I also did a lot of changes to my spreadsheets, like not keeping track of my dnfs anymore and stop counting the number of ownvoices books I’m reading. It wasn’t working for me, calling it ownvoices didn’t tell me what marginalization the author shares with the character, which it was just pointless to keep track of. I know I could have fixed it, but by then it was a label that I had some complicated feelings about. There’s such a huge misinformation and misuse. I feel like many people think ownvoices means not criticism allow. Maybe all started after my review of Woven in Moonlight, how it has been praised as ownvoices Bolivian inspired fantasy and it’s not. The author may be Bolivian-American, but she’s not Indigenous. There were also so many conversations about the label in the year that it just showed me that many reviewers don’t get it. Since then I have been cautiously using it.
Fadwa wrote this amazing blog post and she articulated so well my thoughts, so you should definitely read it. And since then I had stopped tracking the label on my reading.
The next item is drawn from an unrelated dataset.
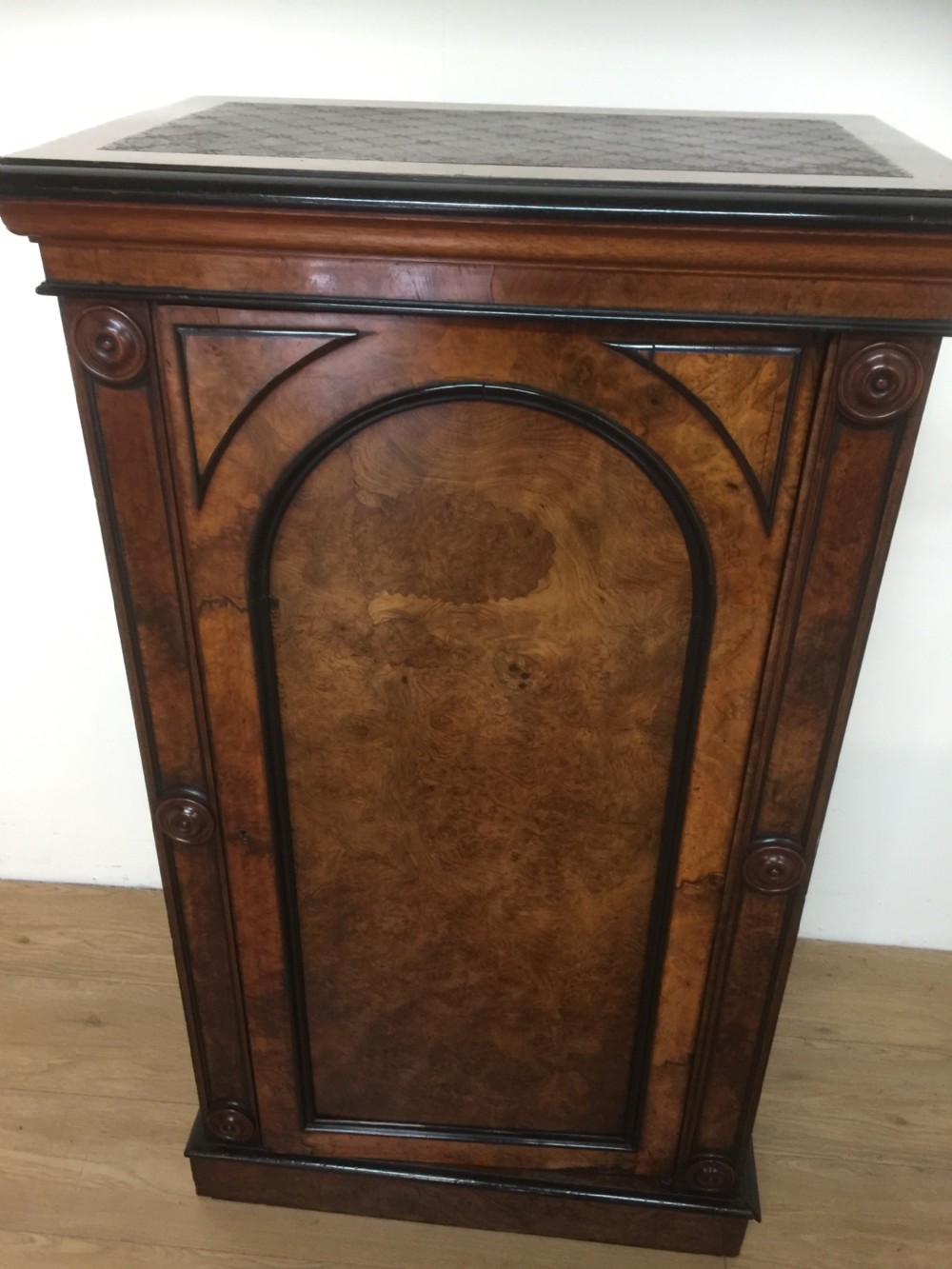 Nineteenth century burr walnut library cabinet superb quality  View VIII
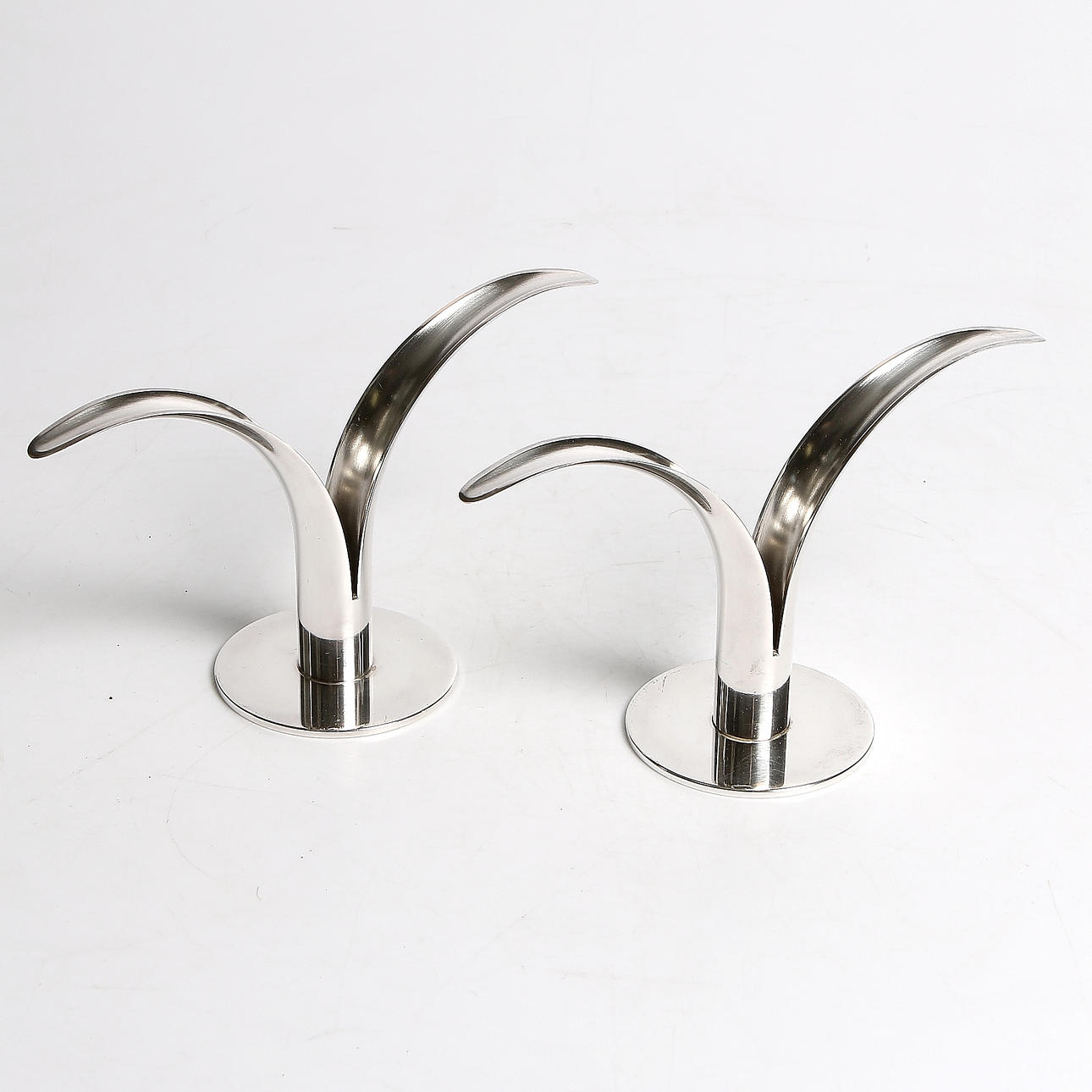 LJUSSTAKAR, ett par, nysilver, "Liljan", Ivar Ålenius Björk, Ystad metall, 1900-tal.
Of course, these are all personal feelings and thoughts and I’m not trying to start a whole discourse about it. Personally, I don’t want to have the label on my spreadsheet, doesn’t mean I won’t use it ever again. Anyway, MOVING ON NOW.
Eventually, I also dropped my stats for AOC and queer authors as I felt like I was keeping authors’ marginalization like a number to check and it made me very uncomfortable. When I started reading diverse, I had to be conscious of the books I was reading. I had to check myself constantly in the stories I was supporting, but I don’t have to do that anymore. I know that I’m reading authors of colors, QBIPOC, disabled and Latinx authors. So that’s why I don’t have any of these graphics.
So what are some of my 2021 resolutions?
I take my reading as constant work that can be improved. I like challenging myself to try new things, like diving more into adult SFF. I want to keep reading middle-grade novels and romance books. Maybe finish six more series? Too ambitious? I beg future me to stop giving the white gays more chances when they disappointed me again and again in 2020.
I’m hopeful this will be a better year for all of us. Yes, there’s still work to be done to fight white supremacy, to hold our governments accountable, to support and boost our global south friends. But we can do it.